At baseline, shown in Table 1, treatment patients had significantly greater deficits on the MCS (p = 0.02), perhaps due to somewhat higher depressive symptoms (CES-D). Treatment and UC control patients were comparable on other measures.

  1. Intervention Impact on Outcome
Table 1
Baseline, Follow-up and Difference Measures in Control and Intervention Groups*

Shown also in Table 1, an effect size (ES) in the large range (0.82; CI: 0.08 to 1.57) occurred in the predicted direction for the MCS. The intervention also had large effect sizes in the predicted direction for supplementary measures including PHQ-15 (−0.80; CI: −1.55 to −0.04), CES-D (−1.06; CI: −1.83 to −0.28), and SQ-1 (0.94; CI: 0.15 to 1.74). The DID for CES-D was statistically significant (p = 0.03), and approached significance for MCS (p =0.08), PHQ-15 (p =0.09), and SQ-1 (p = 0.05). To evaluate regression to the mean, a standard ANCOVA yielded a smaller but still impressive ES of 0.59 for MCS; there were no substantive ES changes for other measures on ANCOVA.

Following Chuang-Stein & Tong20, we evaluated the magnitude of regression to the mean (RTM). The adjustment for RTM may be particularly relevant for MCS and CES-D because one of the exclusion criteria in our trial is non-severe MUS, defined as the MH subscale of the SF-36 being greater than 77. The standard ANCOVA adjustment for RTM partials out the baseline differences in outcomes. Such adjustment yielded a treatment effect of 4.6 for MCS and −8.5 for CES-D, with DID estimates of 12.7 and −15.3, respectively. For all other outcomes, the RTM effects were not very large. Thus there was still a substantive treatment effect after eliminating the RTM effects.

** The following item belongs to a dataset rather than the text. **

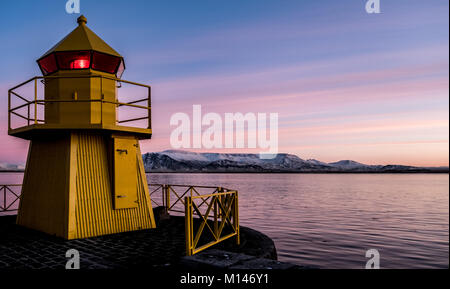 Ein Leuchtturm in Reykjavik alte Hafen mit Esja im Hintergrund. Bei Sonnenaufgang. Stockfoto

To evaluate the impact of the CM, we compared the nine non-CM intervention cases to the control group. The difference in difference score for MCS was reduced to 3.8 points, suggesting that the CM made a contribution to the strength of the intervention. For CES-D, the difference in difference score remained approximately the same (−15.8 points).

Table 2 summarizes key data about the PCPs’ process of care.

Table 2
Process of Conducting the Intervention


In a small trial using PCPs to manage somatizing patients, we found moderate to large effect sizes for better mental functioning accompanied by improved somatization and pain in the context of high levels of satisfaction with the provider–patient relationship.

We cannot yet view these results as clinically significant, however, because full clinical trials will be needed to say this. Because trained nurse practitioners achieved a clinically significant 4.0 point MCS improvement in this population2, we suspect that a full clinical trial using PCPs will produce a much smaller ES. The data also suggest that trained PCPs can obtain even greater MCS improvement with CM participation, a finding supported by the depression literature21.

We cannot exclude the possibility that the selected PCPs would have achieved better outcomes with this patient population without any additional training. Pre-post training patients seen by intervention PCP group would be needed to resolve this. We evaluated possible regression to the mean, but our sensitivity analysis using ANCOVA indicated that was not a major issue.


We have demonstrated moderate to large effect sizes in the direction predicted by previous research. While these encouraging results hold promise that PCPs may be effective with distressed MUS patients, these pilot data with a small number of subjects only allow us to conclude that a full clinical trial is indicated.


We gratefully acknowledge the generous financial support of the Department of Family Practice, Henry Ford Health System, Detroit, MI and the Dean’s Office of the College of Human Medicine, Michigan State University, East Lansing, MI. This material was presented at the annual meeting of the Academy of Psychosomatic Medicine, Amelia Island, FL on November 17, 2007.

Conflict of Interest None disclosed.